Dataset ▸
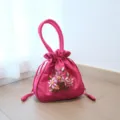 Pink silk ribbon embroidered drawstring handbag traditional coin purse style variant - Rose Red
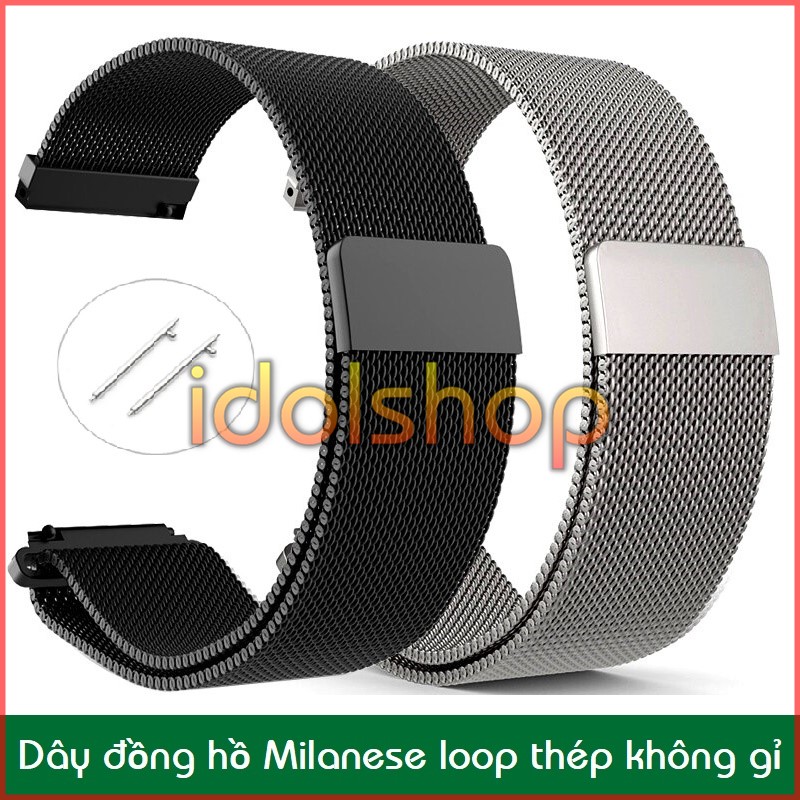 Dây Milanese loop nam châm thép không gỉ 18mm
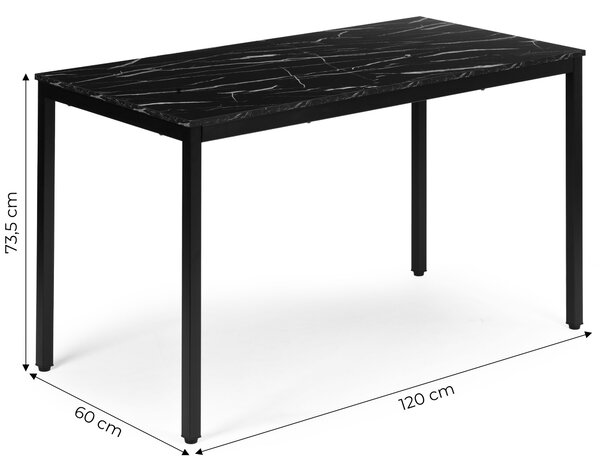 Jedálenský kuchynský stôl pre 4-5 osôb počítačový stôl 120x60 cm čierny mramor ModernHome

* * *

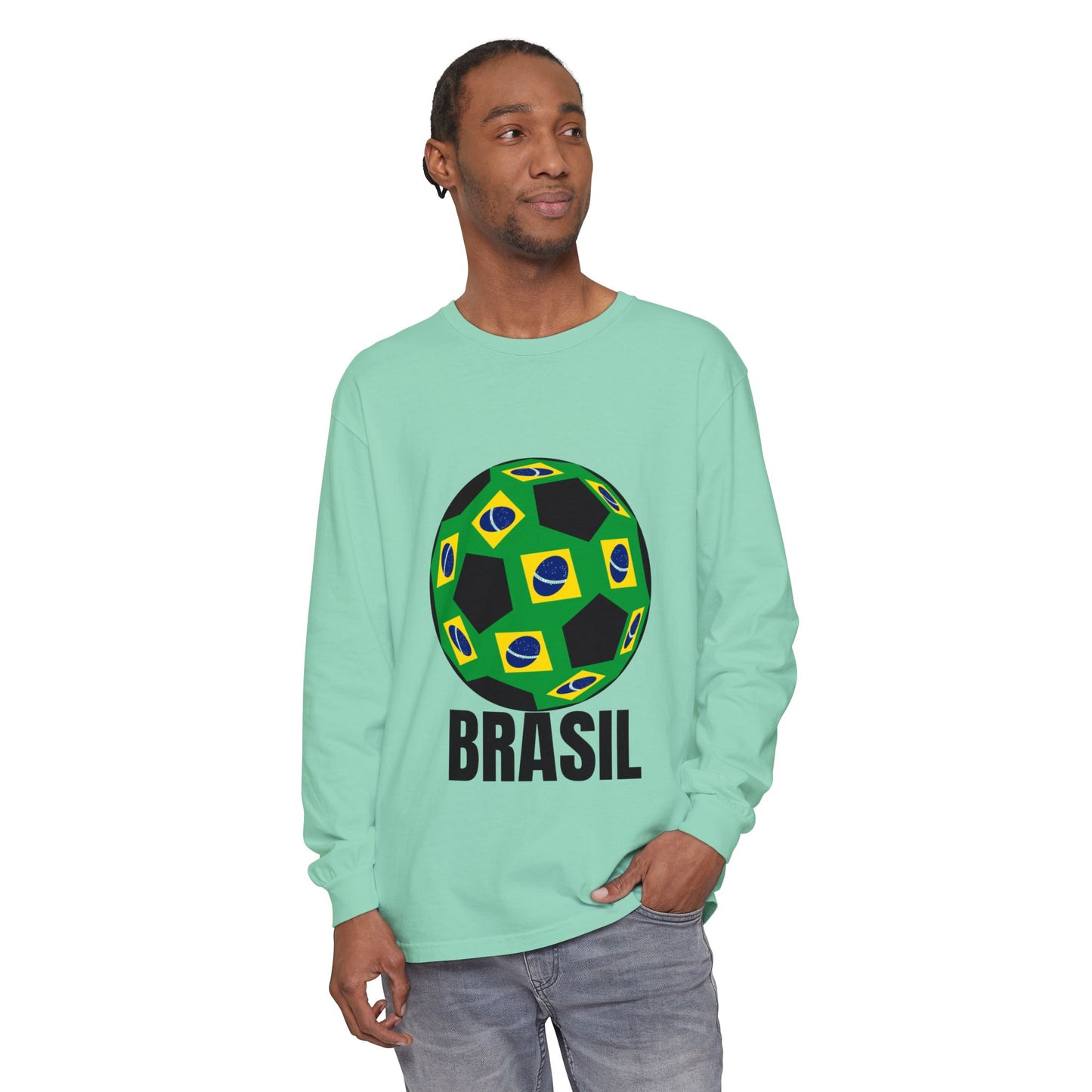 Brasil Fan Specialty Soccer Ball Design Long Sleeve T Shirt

Required action ▸
Give back the exact lines above, running from the one that has "Pink silk ribbon" through the one that has "Jedálenský kuchynský stôl", with nothing added and no pictures.

Written solution ▸
 Pink silk ribbon embroidered drawstring handbag traditional coin purse style variant - Rose Red
 Dây Milanese loop nam châm thép không gỉ 18mm
 Jedálenský kuchynský stôl pre 4-5 osôb počítačový stôl 120x60 cm čierny mramor ModernHome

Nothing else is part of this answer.